I done it as TCP/UDP, other than where I have to forward these ports

0
 

Expert Comment

by:Rekolitus
ID: 17924988
They don't have anything to do with TCP or UDP ports. They're IP protocol numbers which you need to forward. You need to configure your router to forward IP protocols 47/50/51 to your LAN machine.
0
 

Author Comment

by:Jinesh Kumar Kochath
ID: 17924993
done it and still not working dear
0
 
LVL 77

Expert Comment

by:Rob Williams
ID: 17925060
How is your VPN create. I assume since you are forwarding ports you are using the built-in Windows firewall, if so it uses PPTP.
 (note below, that if not using PPTP your VPN protocol may not be supported)
Also, is this your sole connection device, i.e. modem and router. If so fine. But if you have an additional routing device, port forwarding will need to be enabled as well.
Updating to the latest firmware is also a good idea if having problems.
To reiterate what Rekolitus stated:

PPTP (most likely option) requires:
  Forward only TCP 1723
  Enable GRE, protocol 47 (not port 47) by enabling PPTP pass-through on the Security 'tab' page of the WAG200G
 
L2TP over IPSec requires:
  To allow IKE forward UDP port 500.
  To allow IPSec NAT-T forward port UDP 4500.
  To allow L2TP forward port UDP 1701.
  If using ESP (Encapsulation Security Payload) protocols 50 enable IPSec pass-through on the Security 'tab' page of the WAG200G
  If using AH (Authentication Header Protocol) protocol 51 you need another router, yours does not support this protocol

IPSec requires:
   To allow IKE forward UDP port 500.
   To allow IPSec NAT-T forward port UDP 4500.
   If using ESP (Encapsulation Security Payload) protocols 50 enable IPSec pass-through on the Security 'tab' page of the WAG200G
   If using AH (Authentication Header Protocol) protocol 51 you need another router, yours does not support this protocol

Once done verify the port forwarding is working by logging onto the VPN server and going to   http://www.canyouseeme.org and test for the appropriate port to see that it is forwarded correctly. This will not allow you to test protocols.

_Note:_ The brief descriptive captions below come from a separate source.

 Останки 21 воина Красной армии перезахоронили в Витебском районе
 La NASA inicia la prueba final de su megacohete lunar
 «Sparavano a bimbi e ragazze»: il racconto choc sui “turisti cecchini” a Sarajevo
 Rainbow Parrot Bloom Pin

Assuming that is working correctly, and your are using the "standard Windows PPTP VPN, Microsoft has a pair of test tools pptpsrv and pptpclnt, to test for GRE pass-through, which are available as part of the Windows resource kit or from:
http://www3.ns.sympatico.ca/malagash/Downloads/Net/

Log onto the client or VPN server machine and connect to the other with remote desktop, or a similar remote management tool. At a command line on the client machine, run pptpclnt and on the server run pptpsrv. The client machine will send a set of GRE packets to the server and it should show as received if GRE is able to pass. The server is then supposed to respond and the client indicate received, but I have never had that part work. The one direction client to server is usually enough to test.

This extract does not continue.